-- EXTRACTED INFORMATION --
======

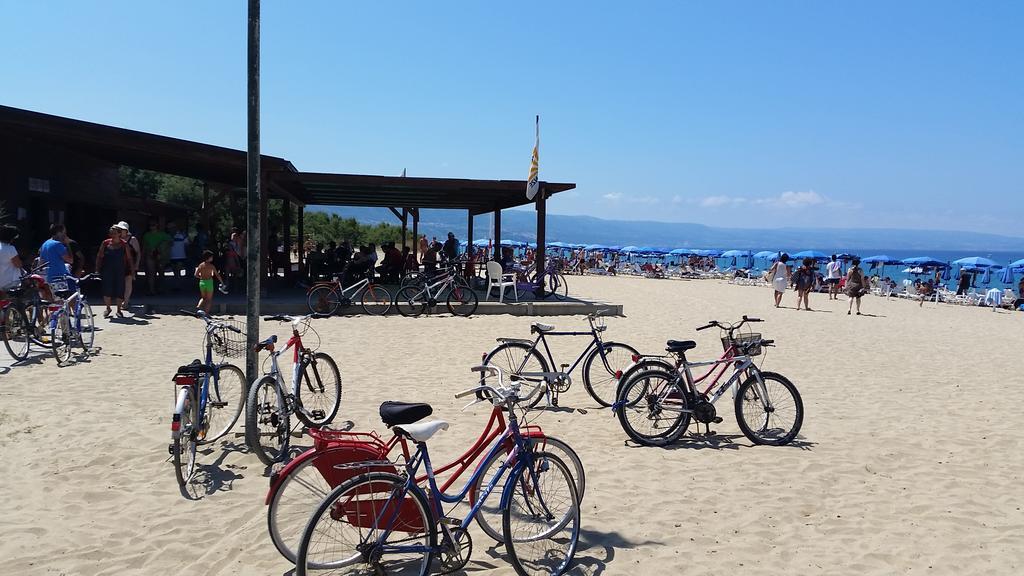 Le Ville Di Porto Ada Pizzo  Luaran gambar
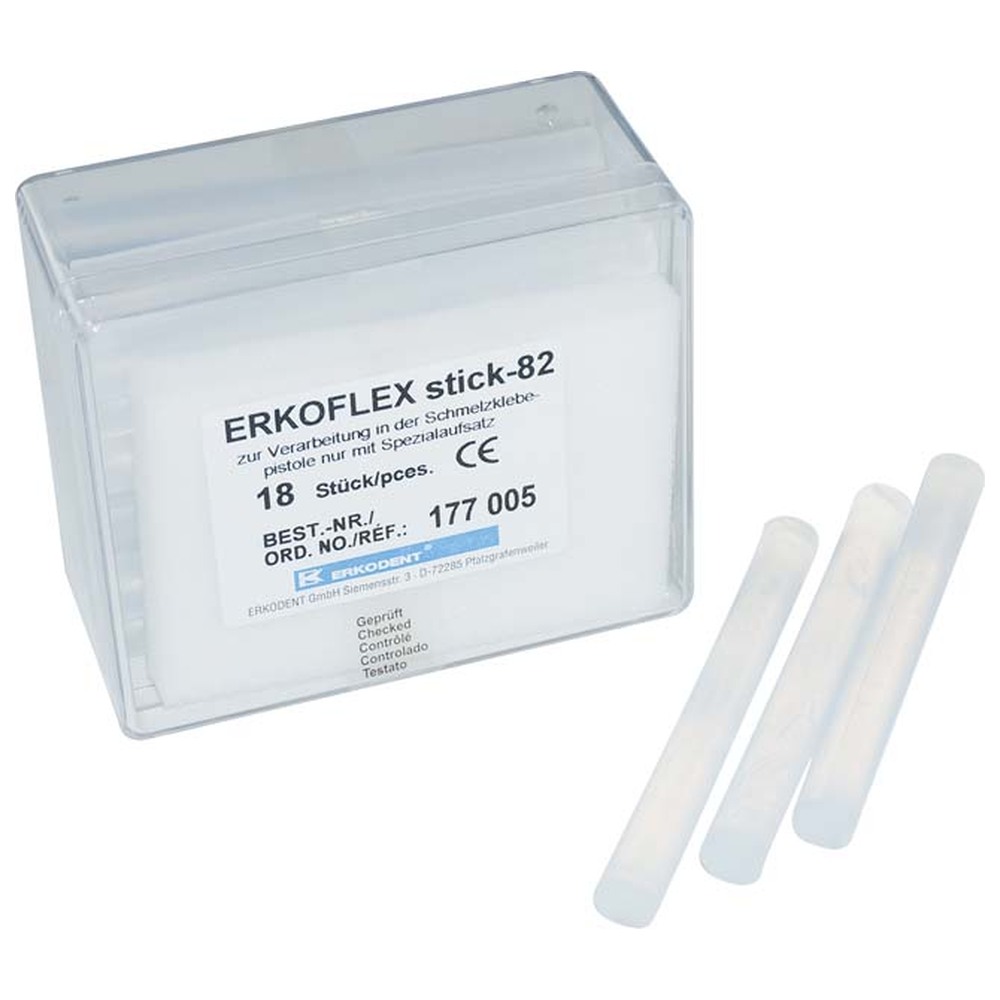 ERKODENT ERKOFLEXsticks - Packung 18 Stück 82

======

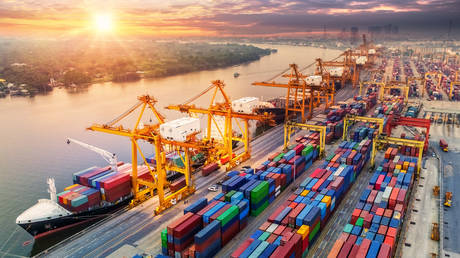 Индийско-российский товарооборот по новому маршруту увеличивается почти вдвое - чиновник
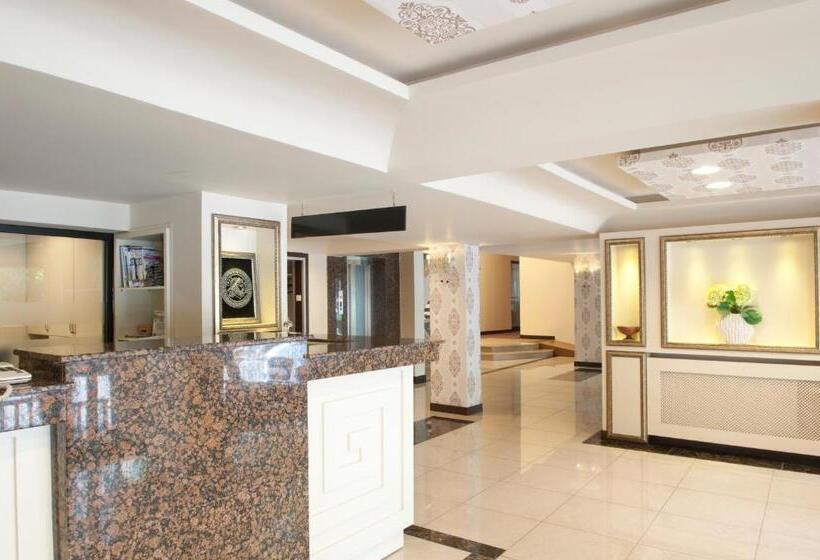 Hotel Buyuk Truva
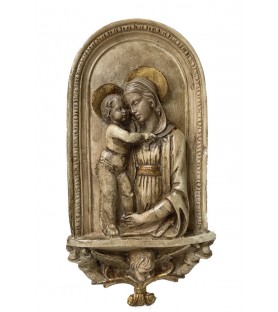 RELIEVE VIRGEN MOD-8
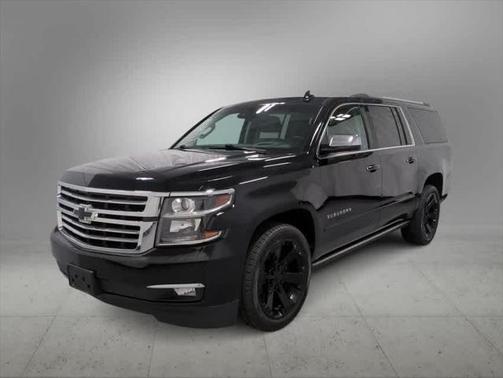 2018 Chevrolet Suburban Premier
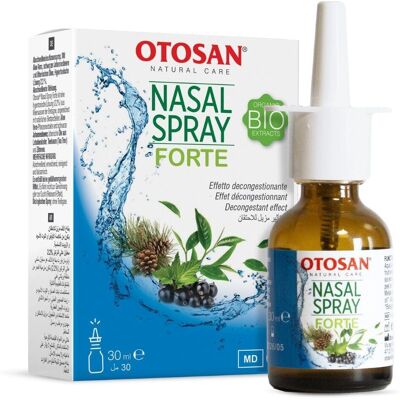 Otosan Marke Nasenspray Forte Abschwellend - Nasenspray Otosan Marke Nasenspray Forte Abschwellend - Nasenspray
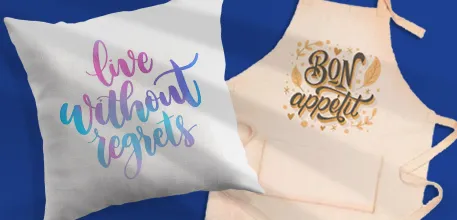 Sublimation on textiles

======

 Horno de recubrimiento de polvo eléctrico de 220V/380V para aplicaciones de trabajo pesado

======

-- REQUIREMENT --
Look above for the line with "Le Ville Di" and the line with "ERKODENT ERKOFLEXsticks - Packung", then restate exactly those two lines and all lines between them, with no pictures.

-- RESULT OF THE EXERCISE --
 Le Ville Di Porto Ada Pizzo  Luaran gambar
 ERKODENT ERKOFLEXsticks - Packung 18 Stück 82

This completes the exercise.